PROVIDED RECORDS:
***
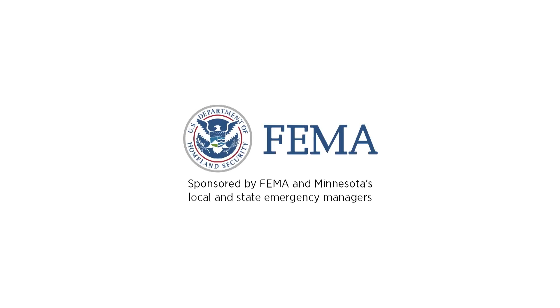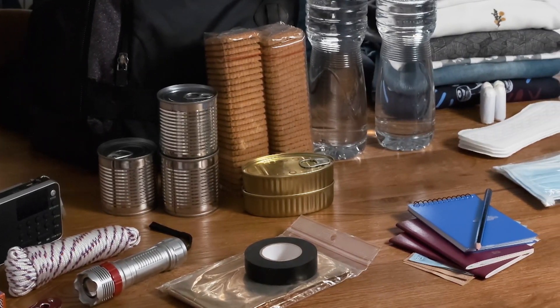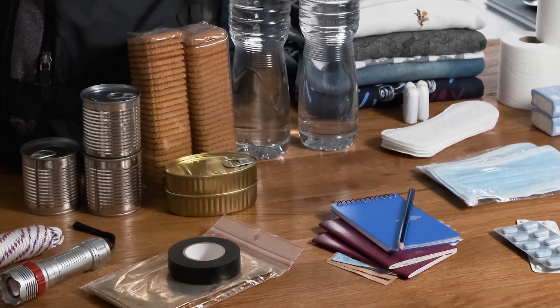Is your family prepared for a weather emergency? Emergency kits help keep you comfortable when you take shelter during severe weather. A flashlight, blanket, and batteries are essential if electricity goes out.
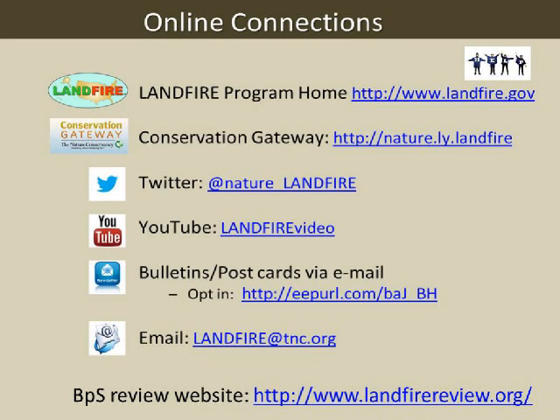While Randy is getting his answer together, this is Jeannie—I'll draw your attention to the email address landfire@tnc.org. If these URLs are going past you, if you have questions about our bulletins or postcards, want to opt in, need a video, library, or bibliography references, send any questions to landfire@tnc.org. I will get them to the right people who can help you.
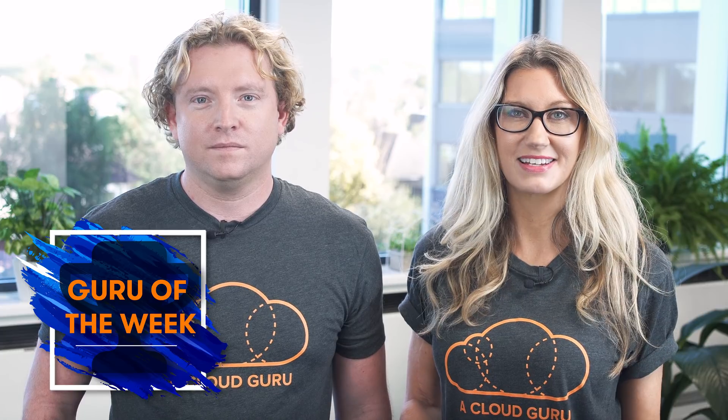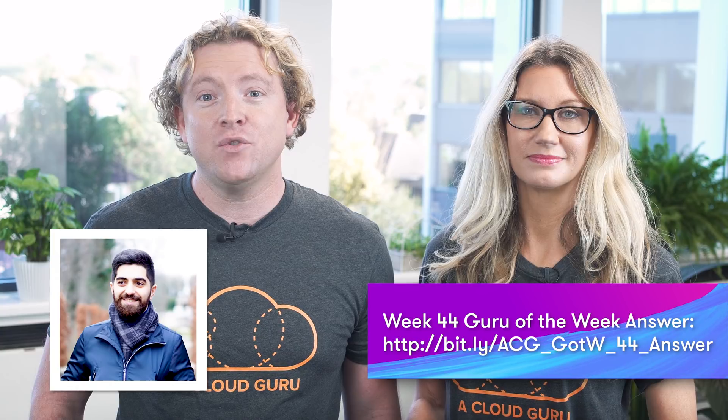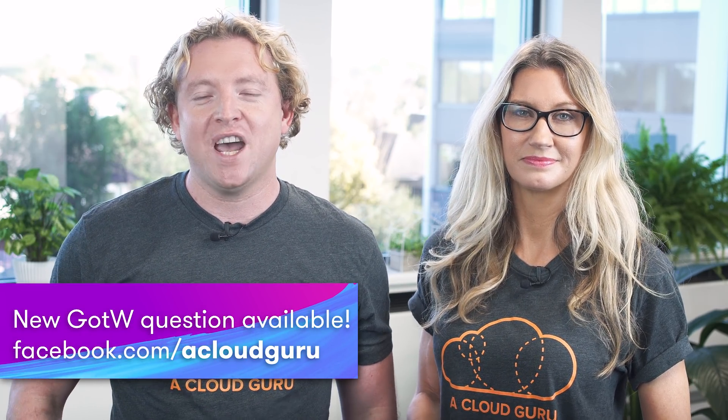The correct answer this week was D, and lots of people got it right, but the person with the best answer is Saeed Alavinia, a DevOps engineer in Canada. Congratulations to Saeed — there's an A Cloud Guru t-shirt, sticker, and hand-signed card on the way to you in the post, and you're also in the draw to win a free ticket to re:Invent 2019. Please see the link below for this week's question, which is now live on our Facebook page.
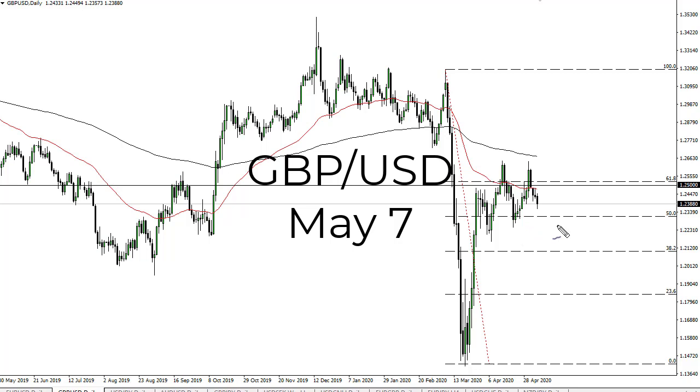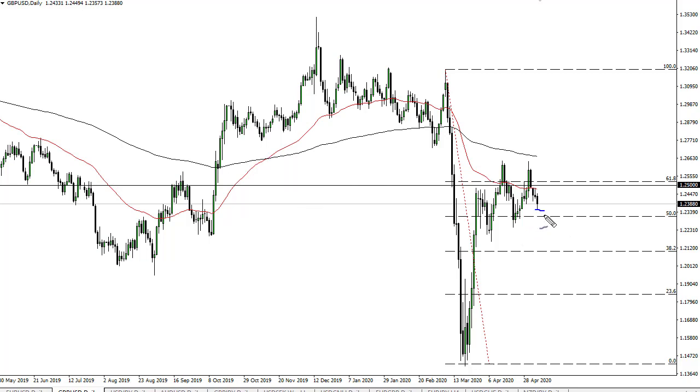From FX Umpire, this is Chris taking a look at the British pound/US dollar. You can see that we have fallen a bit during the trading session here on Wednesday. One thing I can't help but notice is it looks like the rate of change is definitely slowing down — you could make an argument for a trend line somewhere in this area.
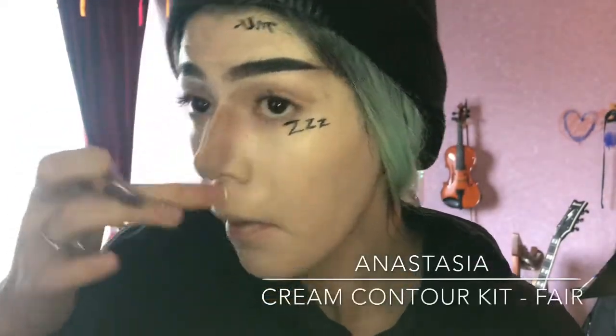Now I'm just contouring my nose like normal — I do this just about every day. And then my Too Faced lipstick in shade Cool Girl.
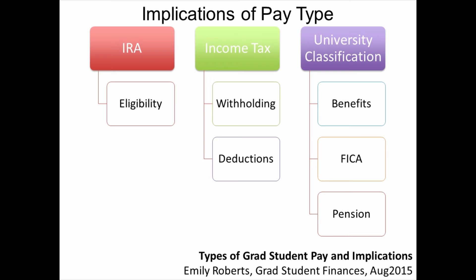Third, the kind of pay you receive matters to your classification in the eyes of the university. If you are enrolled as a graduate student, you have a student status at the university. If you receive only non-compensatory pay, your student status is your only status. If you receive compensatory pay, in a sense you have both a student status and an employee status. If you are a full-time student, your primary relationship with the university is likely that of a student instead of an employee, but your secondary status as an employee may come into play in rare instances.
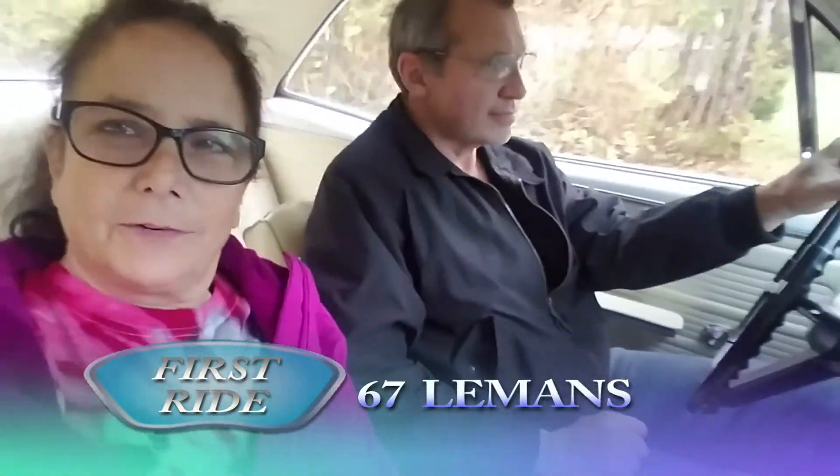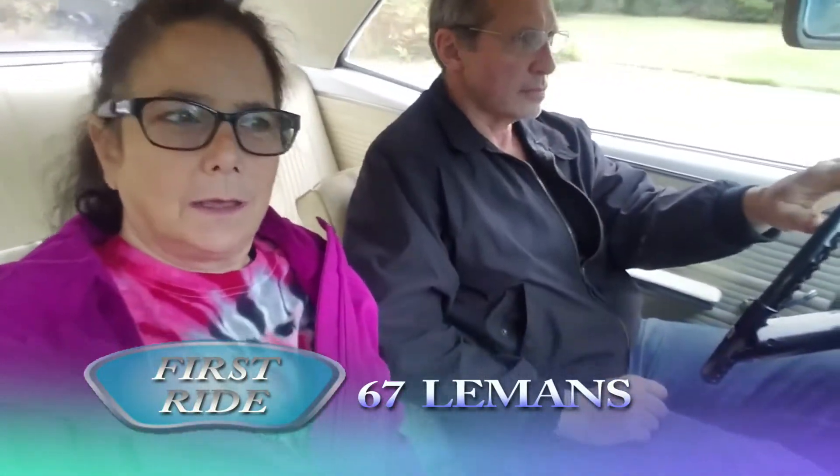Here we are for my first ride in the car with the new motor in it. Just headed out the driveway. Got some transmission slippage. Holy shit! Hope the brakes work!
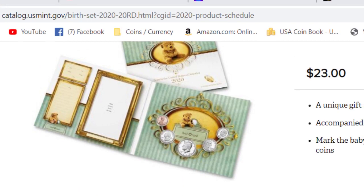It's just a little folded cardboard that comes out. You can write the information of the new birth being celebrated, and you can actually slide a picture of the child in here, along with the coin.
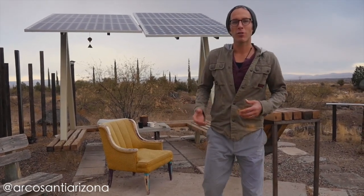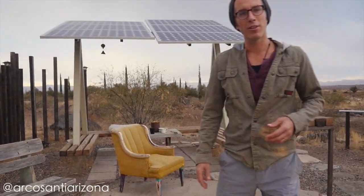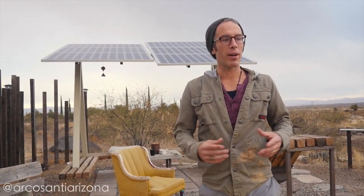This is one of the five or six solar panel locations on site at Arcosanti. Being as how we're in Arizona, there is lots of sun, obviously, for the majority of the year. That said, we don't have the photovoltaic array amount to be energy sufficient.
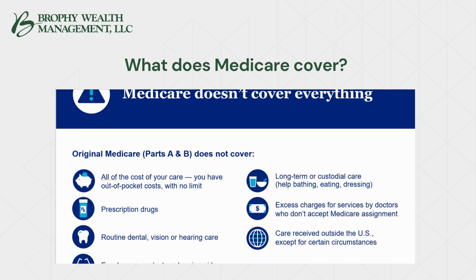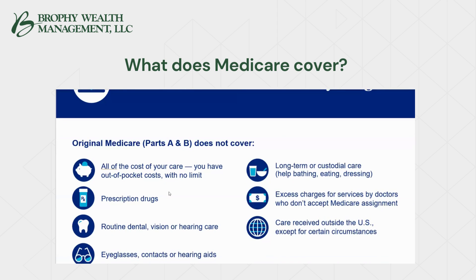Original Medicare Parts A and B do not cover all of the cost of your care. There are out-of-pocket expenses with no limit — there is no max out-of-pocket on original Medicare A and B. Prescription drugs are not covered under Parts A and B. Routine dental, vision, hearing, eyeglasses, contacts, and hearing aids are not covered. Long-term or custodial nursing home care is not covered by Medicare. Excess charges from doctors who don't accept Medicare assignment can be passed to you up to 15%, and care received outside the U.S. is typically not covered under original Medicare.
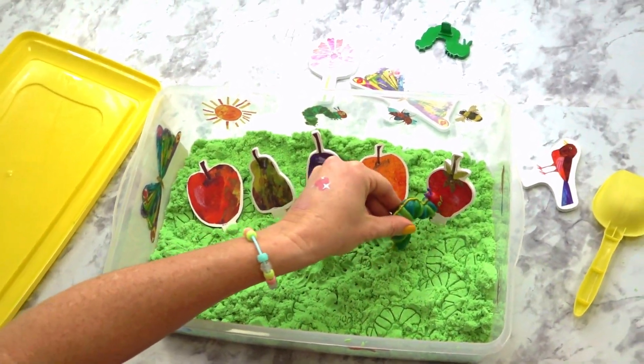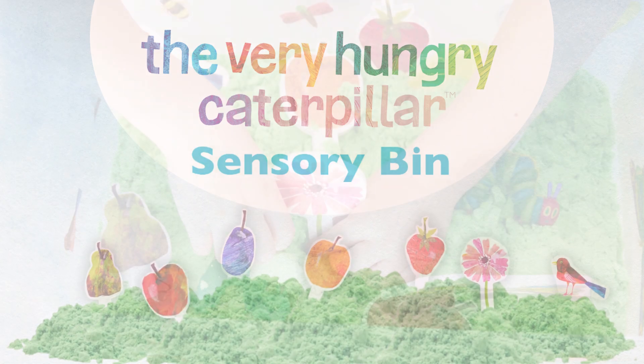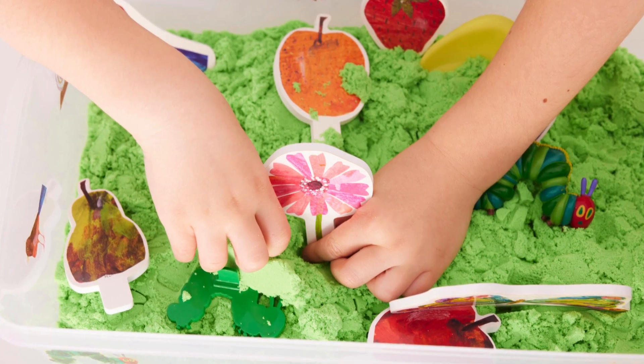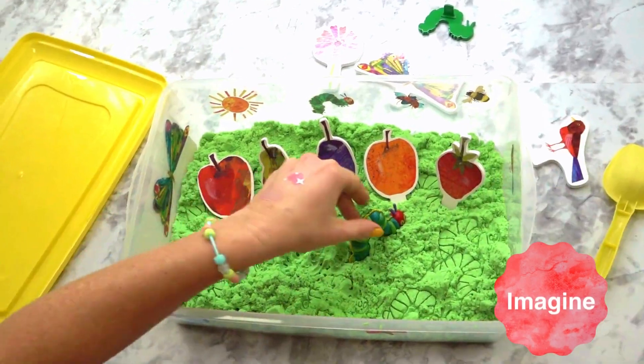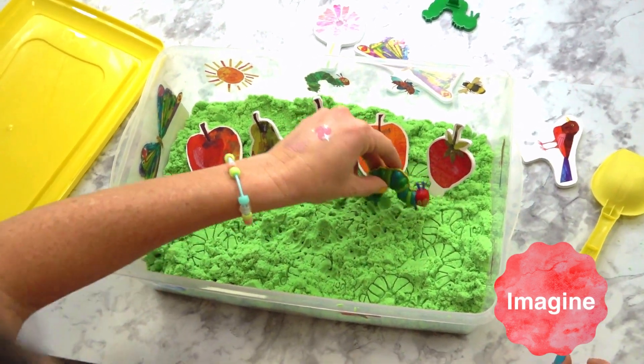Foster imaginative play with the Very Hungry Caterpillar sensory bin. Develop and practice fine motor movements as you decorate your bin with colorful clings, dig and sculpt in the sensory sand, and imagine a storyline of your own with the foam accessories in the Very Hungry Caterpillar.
***
Omit every picture, and please return the entries exactly from the first line through the line with "The correct answer", both included.

WRITTEN REPLY:
Is your family prepared for a weather emergency? Emergency kits help keep you comfortable when you take shelter during severe weather. A flashlight, blanket, and batteries are essential if electricity goes out.
While Randy is getting his answer together, this is Jeannie—I'll draw your attention to the email address landfire@tnc.org. If these URLs are going past you, if you have questions about our bulletins or postcards, want to opt in, need a video, library, or bibliography references, send any questions to landfire@tnc.org. I will get them to the right people who can help you.
The correct answer this week was D, and lots of people got it right, but the person with the best answer is Saeed Alavinia, a DevOps engineer in Canada. Congratulations to Saeed — there's an A Cloud Guru t-shirt, sticker, and hand-signed card on the way to you in the post, and you're also in the draw to win a free ticket to re:Invent 2019. Please see the link below for this week's question, which is now live on our Facebook page.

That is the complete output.